Problem to solve:
Within the listing below, give again exactly the lines between the one containing "67K views ·" and the one containing "LOUIS VUITTON Monogram", inclusive, pictures left aside.

Listed entries:
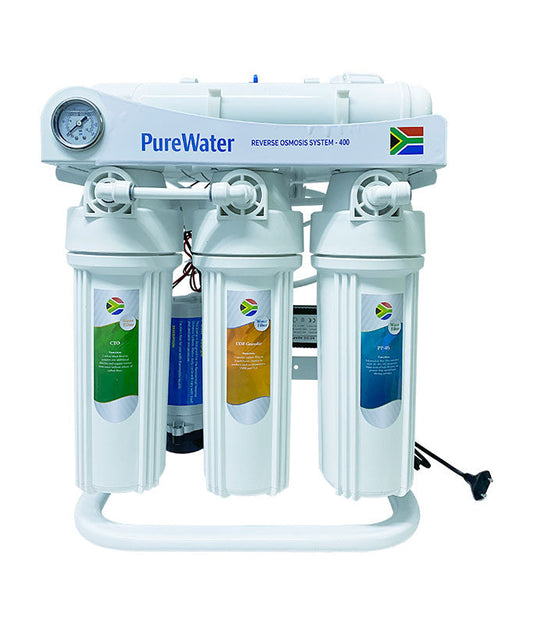 400GPD 5 Stage Pure Water RO System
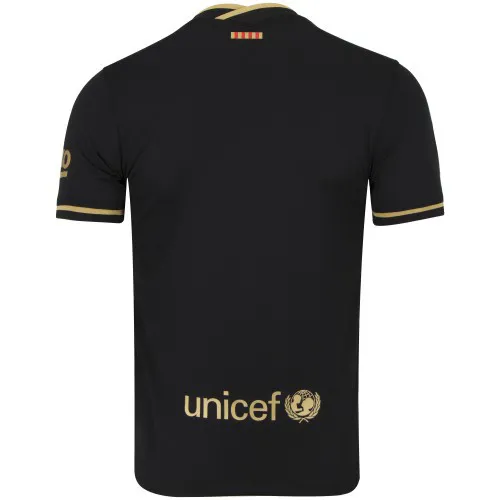 Camisa Barcelona Away 20/21 - Nike Torcedor Masculina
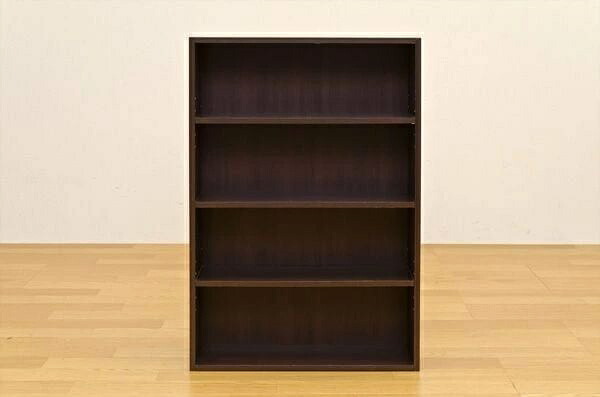 コミックラック 60cm&times;16.5cm ロータイプ れ止め/｜ワイズ商店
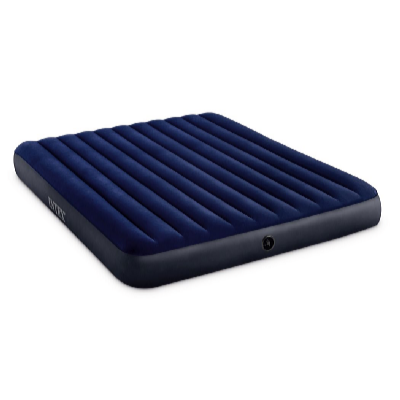 Nafukovací postel Air Bed Classic Downy King + kompresor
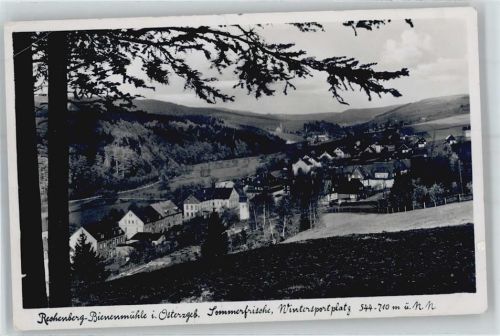 Rechenberg-Bienenmühle
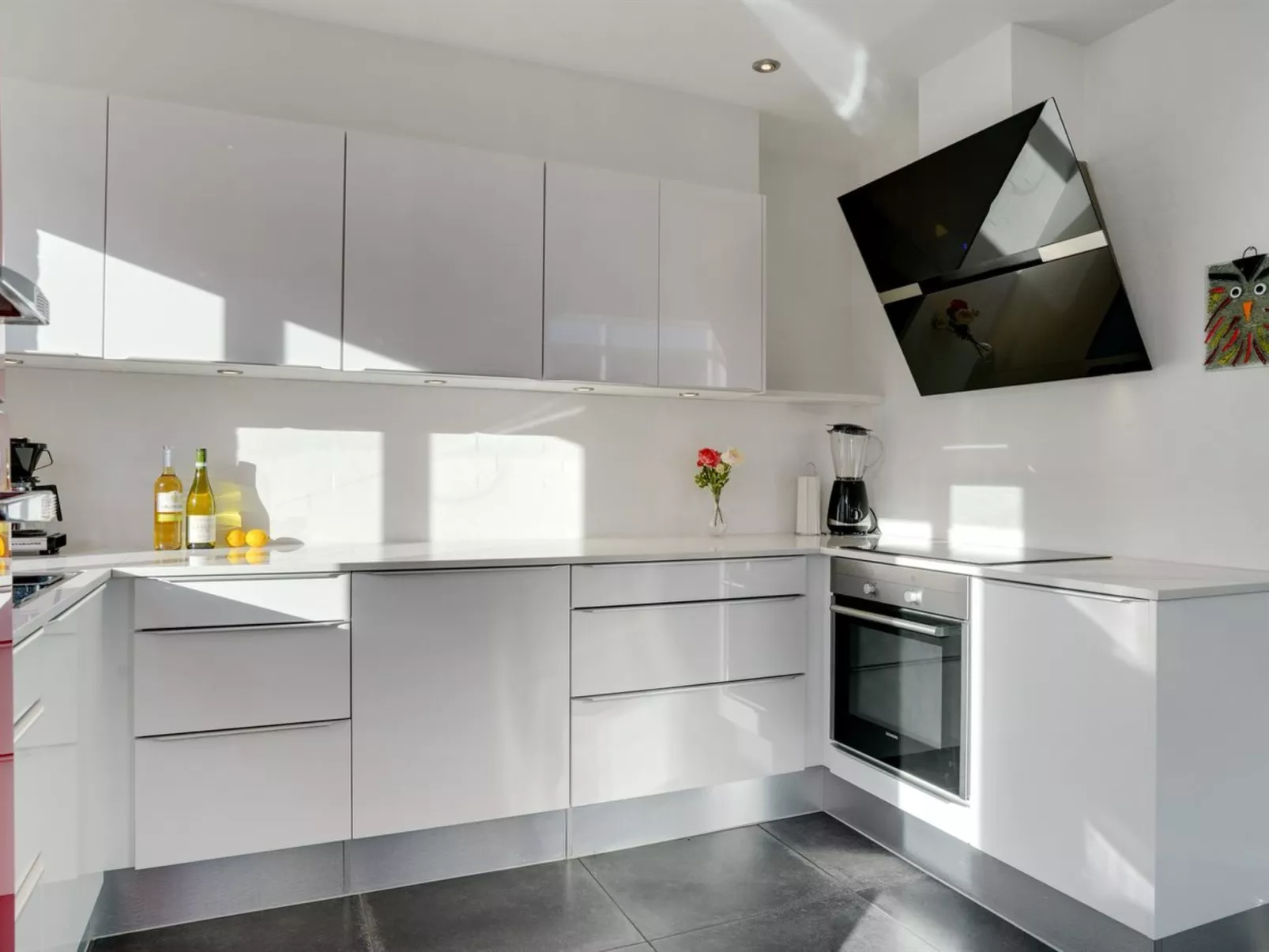 "Hilma" - 600m from the sea-Inside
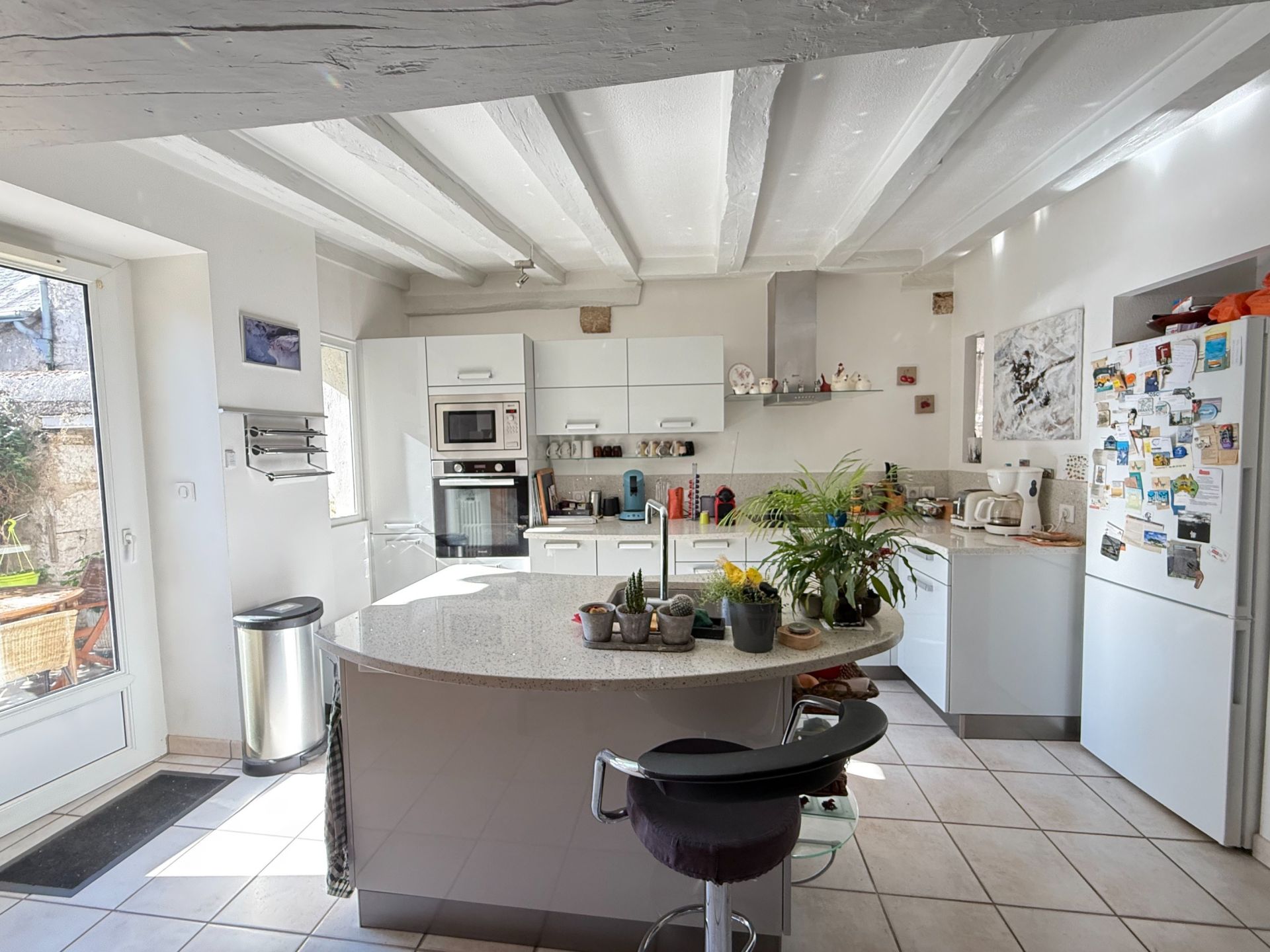 maison de ville 4 Pièces en vente sur BLOIS (41000)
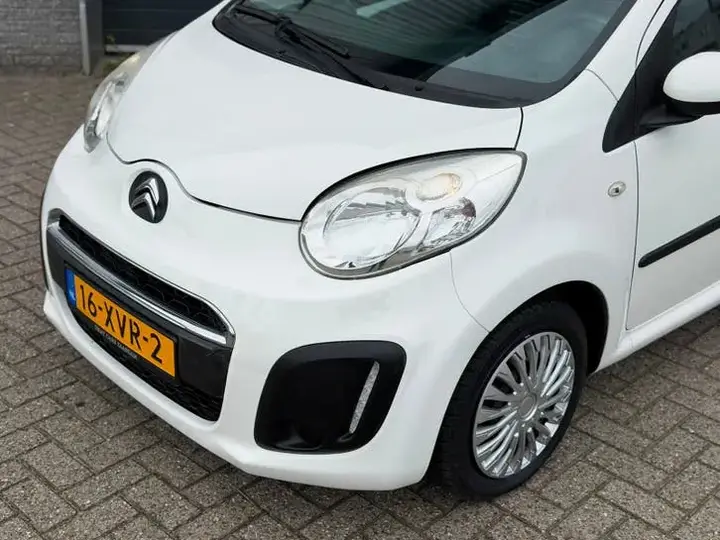 Citroen C1 2012 photo 2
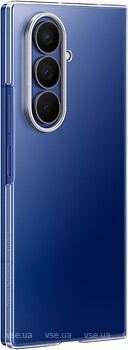 Фото Samsung Clear Case for Galaxy Fold 7 SM-F966B Transparancy (EF-AF966CTEGUA)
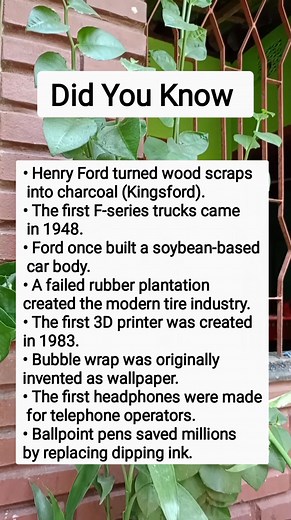 67K views · 36 reactions | “Incredible History & Invention Facts” #facts | IQ&Math 2.2 | Facebook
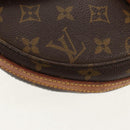 LOUIS VUITTON Monogram Chantilly GM Shoulder Bag M51232 LV Auth 100257-8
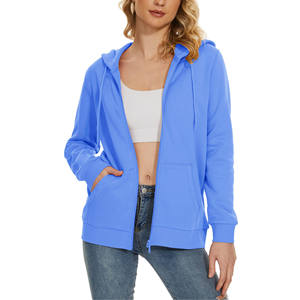 Sweat-shirts à capuche oversize à fermeture éclair, taille plus, les plus vendus en 2025, 2 coutures, respirant, coupe ample, col à capuche, polaire technique, hiver, 100% coton - Product Image 4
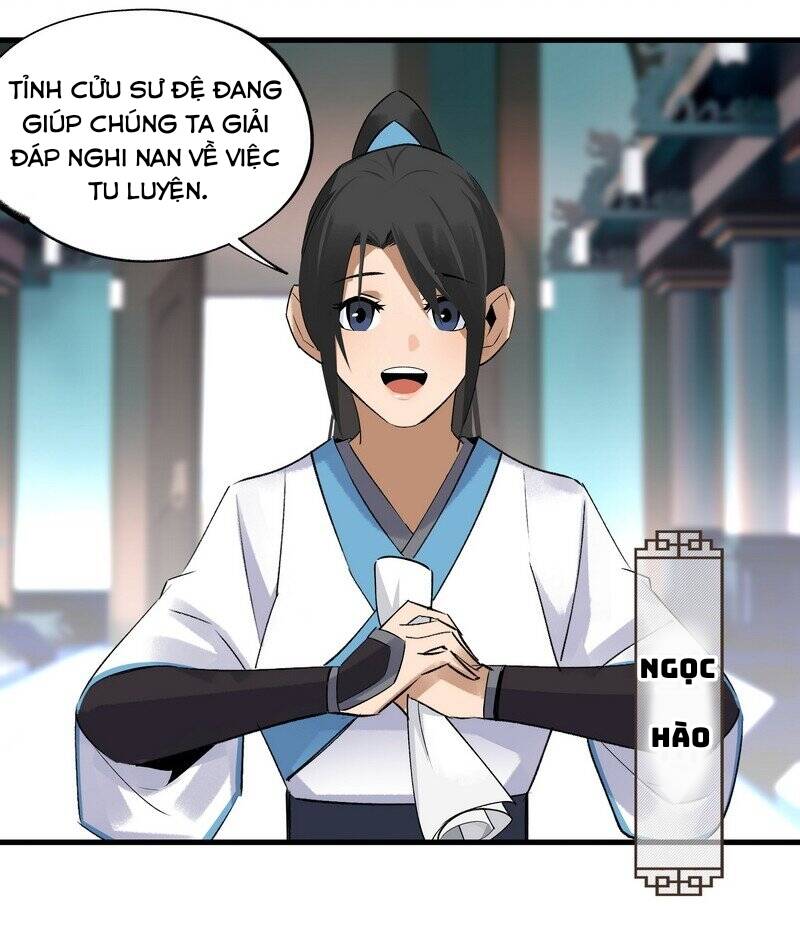 Đại Đạo Triều Thiên Chapter 18 - Trang 2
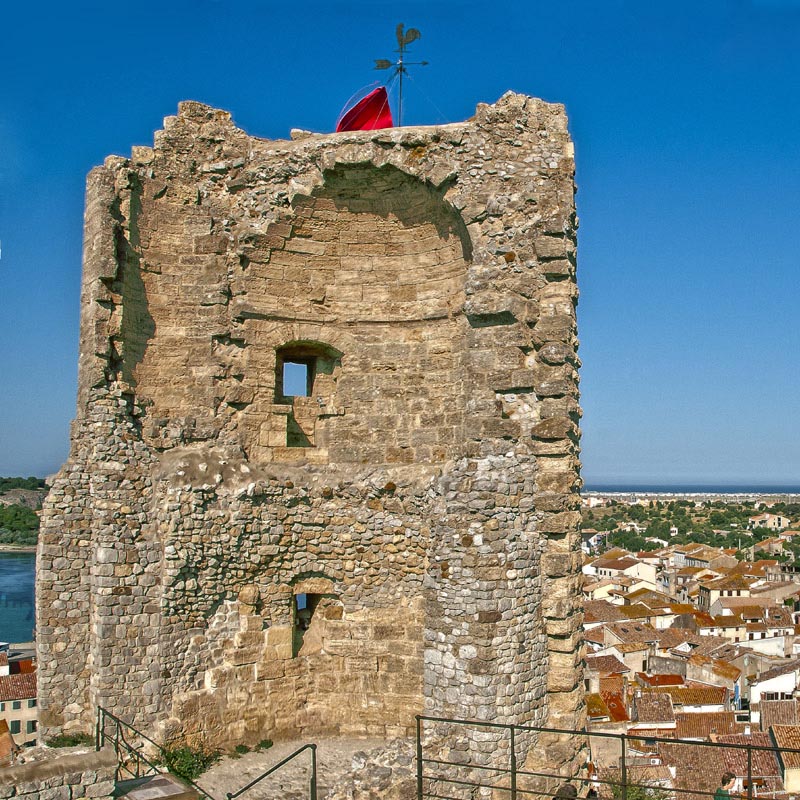 Tour Barberousse de Gruissan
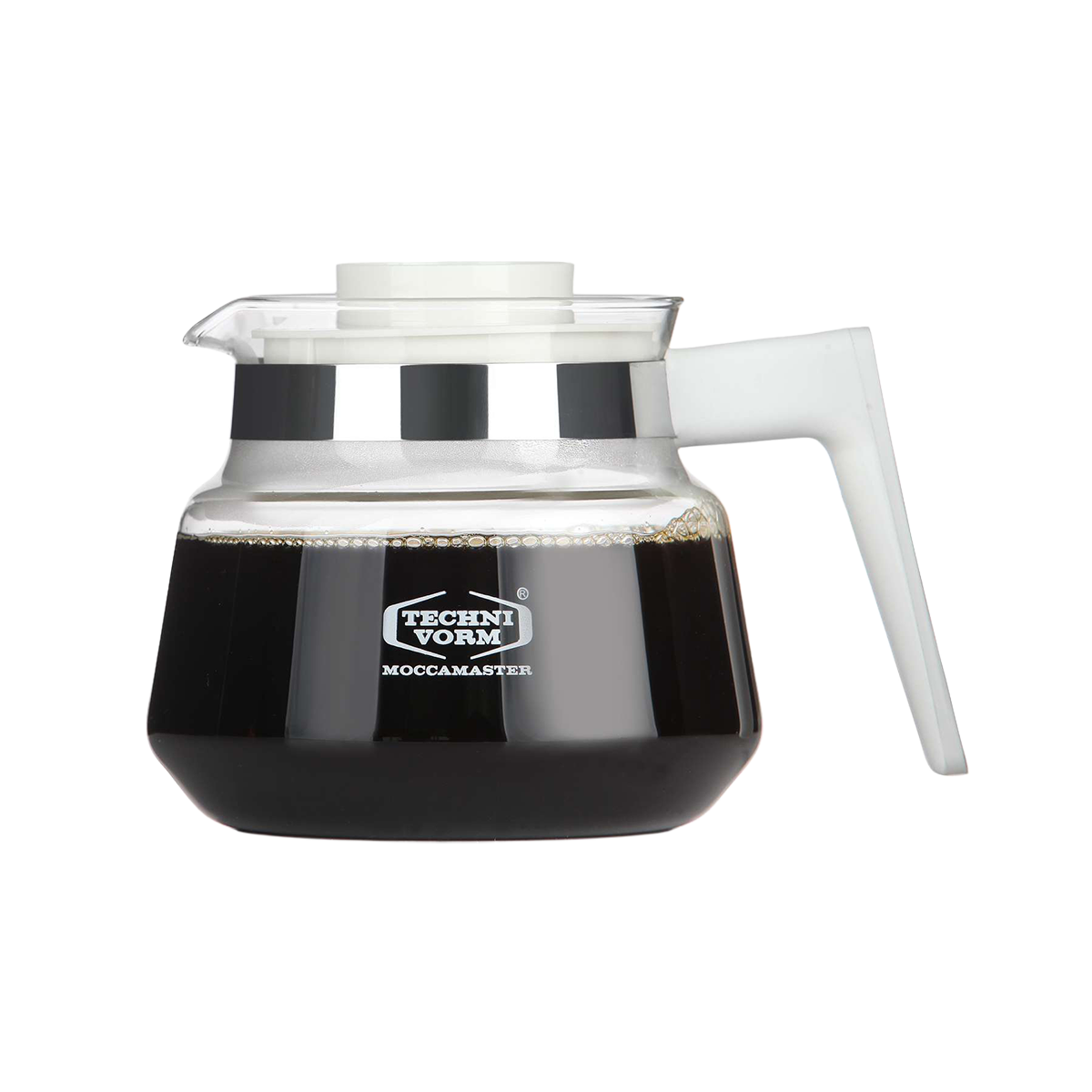 Moccamaster glaskanna 1 L KB 831 vit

Solution:
 67K views · 36 reactions | “Incredible History & Invention Facts” #facts | IQ&Math 2.2 | Facebook
 LOUIS VUITTON Monogram Chantilly GM Shoulder Bag M51232 LV Auth 100257-8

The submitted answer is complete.